La Catalogne en plein imbroglio politico-judiciaire

La leader indépendantiste Marta Rovira (au premier plan) a fui l'Espagne pour la Suisse. (Photo Lluis Gene. AFP)
publié le 23 mars 2018 à 19h30

Sur fond de blocage politique, les dirigeants du séparatisme catalan jouent au chat et à la souris avec la justice espagnole. Alors même que cinq personnalités sécessionnistes étaient placées en détention provisoire par le Tribunal suprême à Madrid, la secrétaire générale d’Esquerra (le grand parti favorable à un divorce avec l’Espagne), Marta Rovira, a pris la fuite vendredi afin d’éviter une interpellation. Pressentie comme une des favorites pour présider la Catalogne, la leader indépendantiste s’est réfugiée en Suisse, tout comme Anna Gabriel, l’ancienne porte-parole de la CUP, le mouvement anticapitaliste favorable à une partition immédiate avec Madrid et dont les députés sont indispensables à toute potentielle coalition sécessionniste à la tête de cette turbulente région.

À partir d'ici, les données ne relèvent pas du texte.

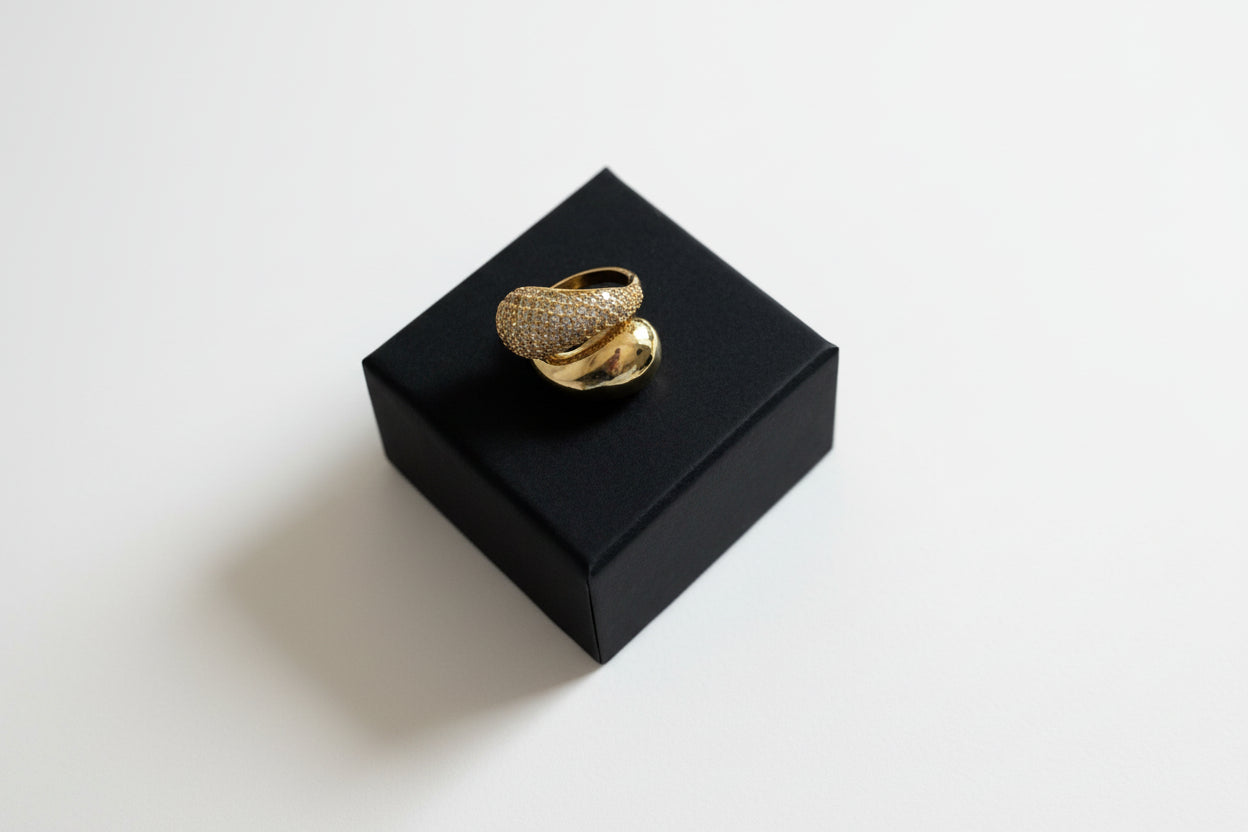 Gold ring on a black box with a gray background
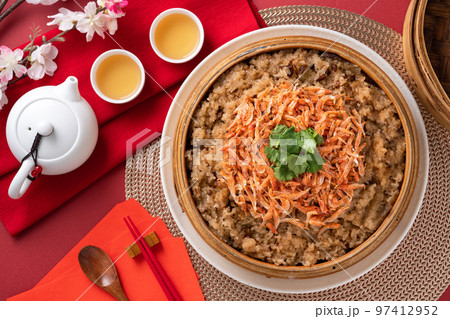 Delicious Chinese glutinous sticky oil rice cake named migao for lunar new year's dishes. Delicious Chinese glutinous sticky oil rice cake named migao for lunar new year's dishes. 97412952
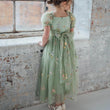 Young girl in a green floral dress standing against a brick wall.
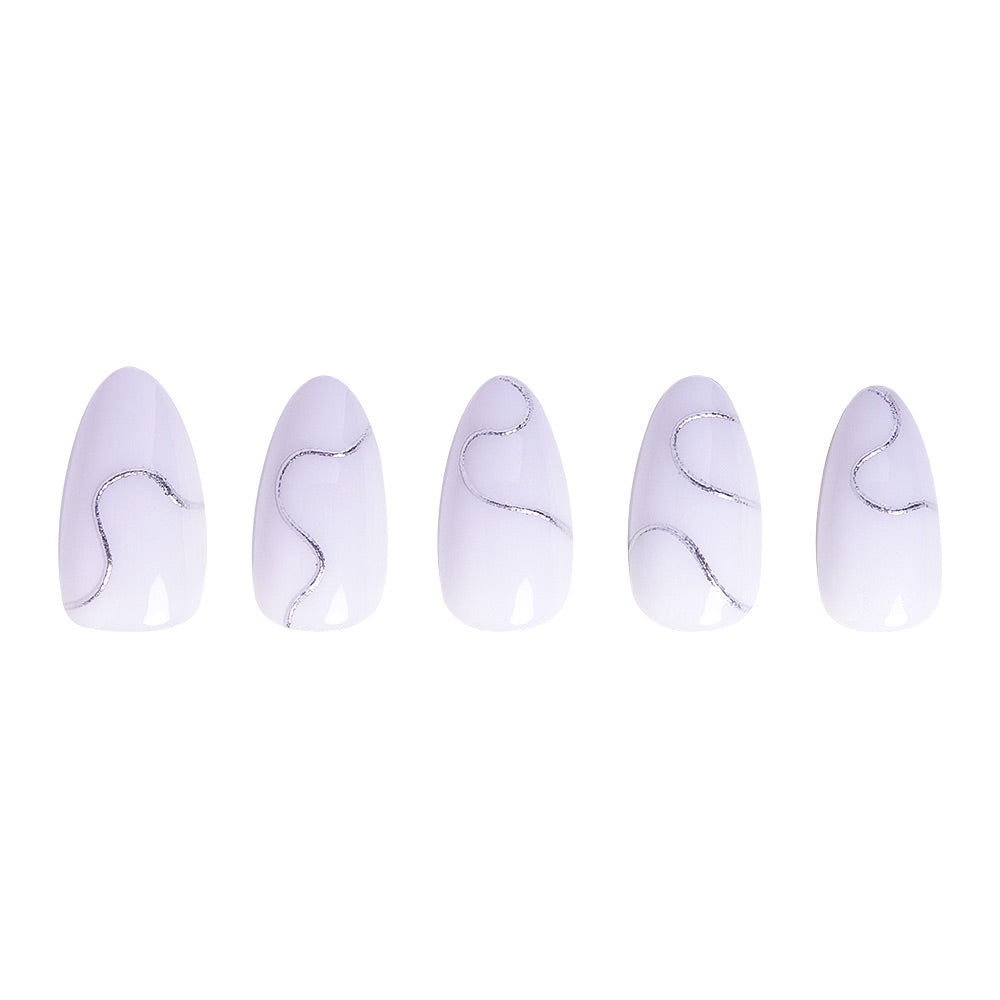 The Silent Night press-on nails by glamnetic feature five short, almond-shaped white nails with shiny silver wavy lines—an elegant winter style, beautifully arranged on a white background. - Product image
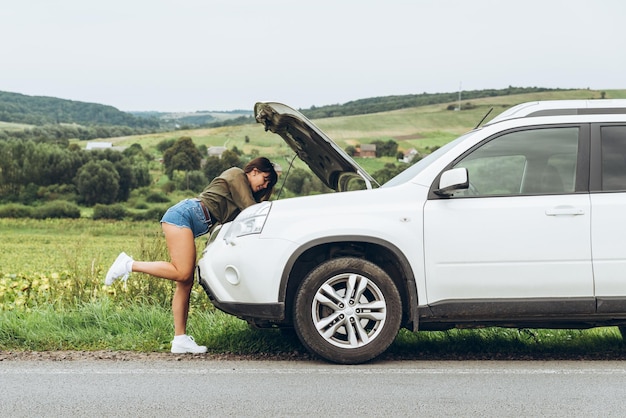 Woman in tight shirts new broken car with opened hood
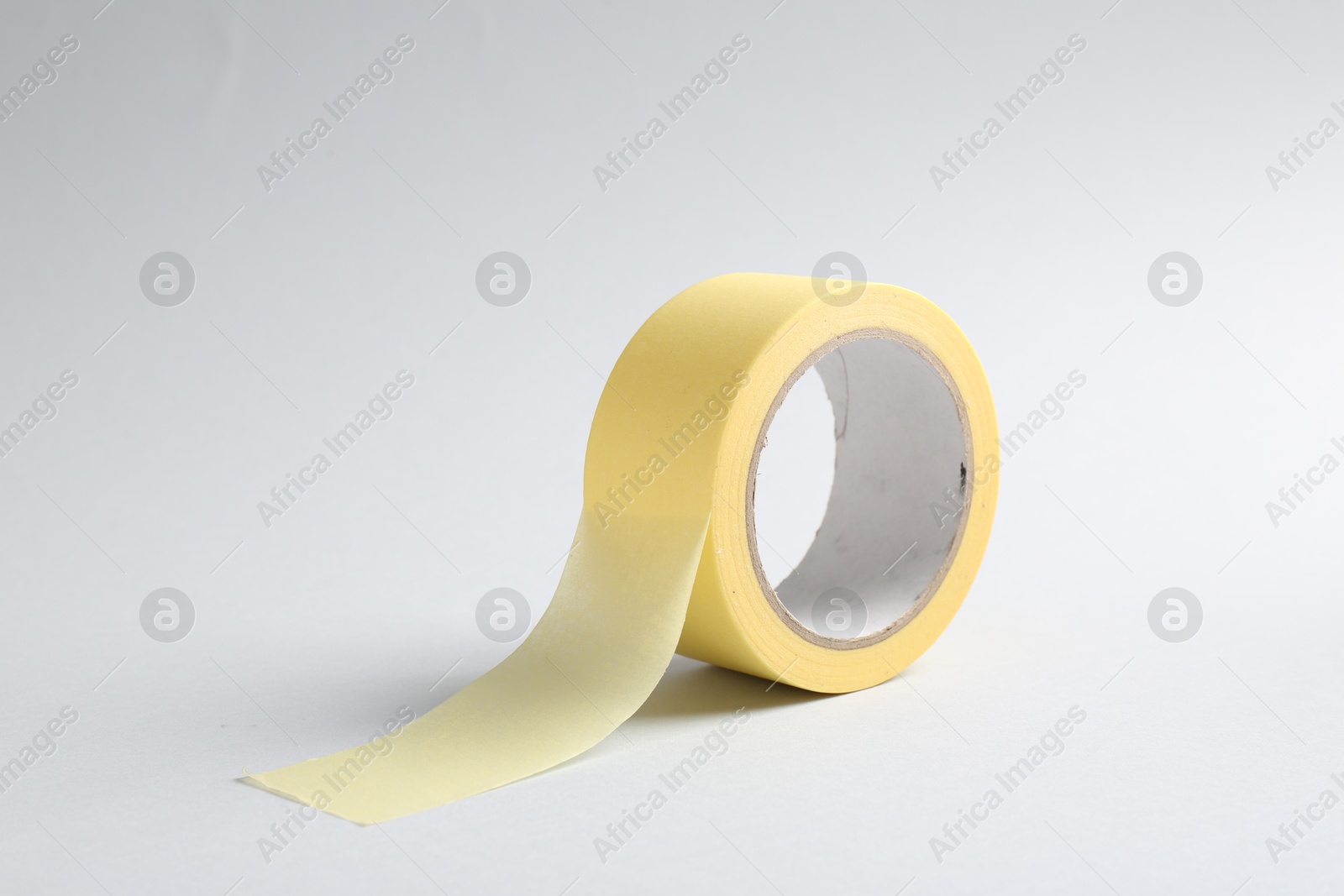 Photo of One masking tape on grey background, closeup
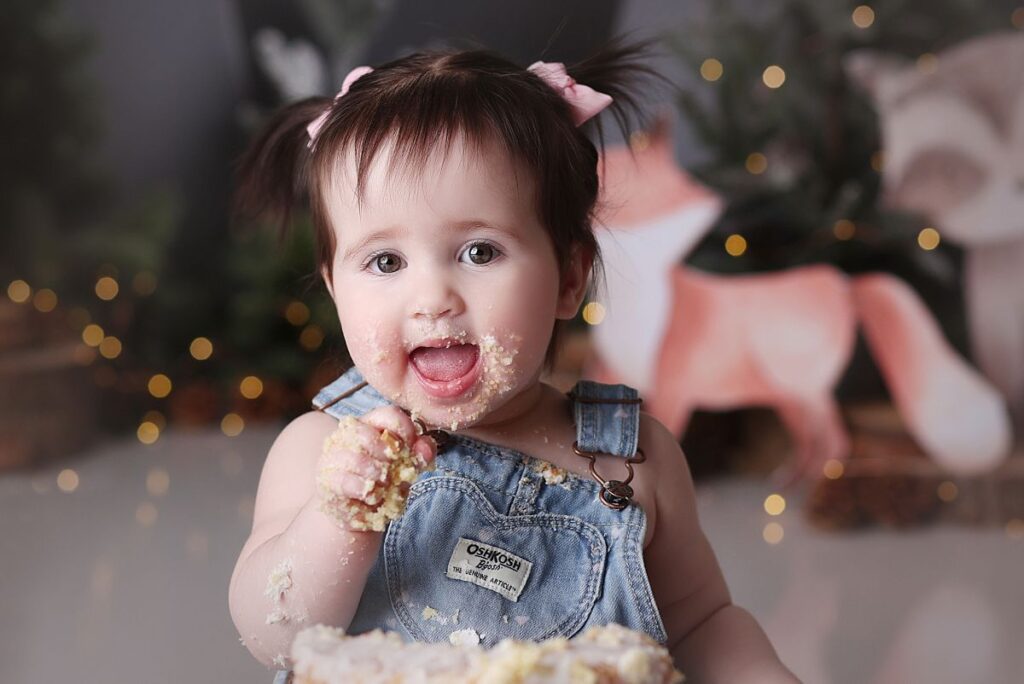 close up of little girl with pigtails at kansas city cake smash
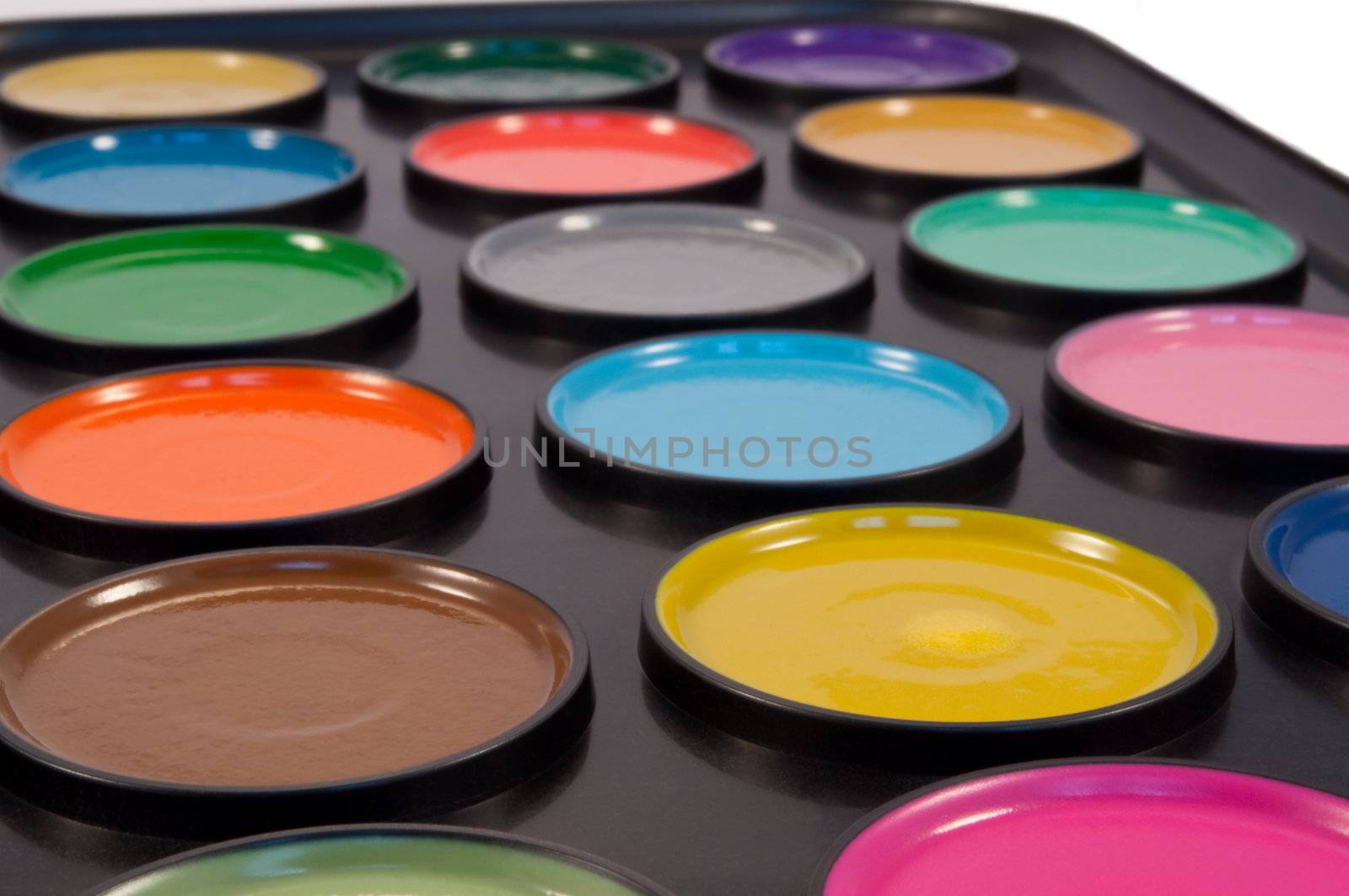 Close, low level capturing many watercolour paint discs within a child's painting set.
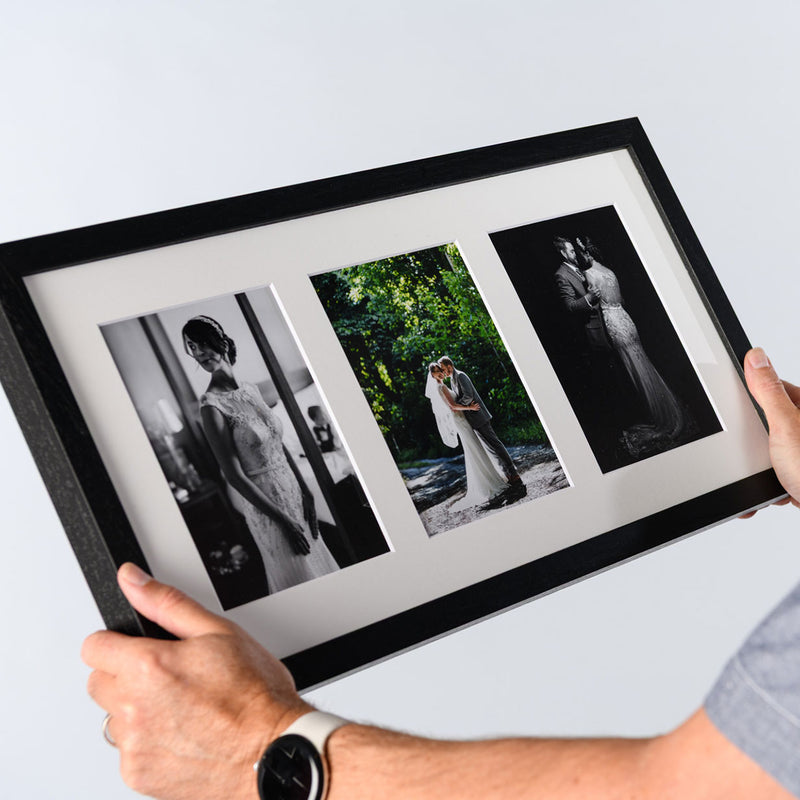 A person holds a black triple aperture multi photo framed wedding collage, including two black-and-white portraits and one color shot, against a light gray background. The frame is 50x25cm in size.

Six personnalités en fuite à l’étranger

Dans une déclaration émue, Marta Rovira a souligné que «le chemin de l'exil» est «très difficile» mais qu'il est pour elle «la seule façon de se rebeller» contre le gouvernement conservateur à Madrid. Au même titre, 28 séparatistes catalans sont poursuivis par le juge Pablo Llarena, du Tribunal suprême, pour «sécession» et, pour certains, pour «malversations de fonds publics». Concrètement, ils sont accusés d'avoir violé la légalité espagnole avant et pendant le référendum d'autodétermination interdit du 1er octobre.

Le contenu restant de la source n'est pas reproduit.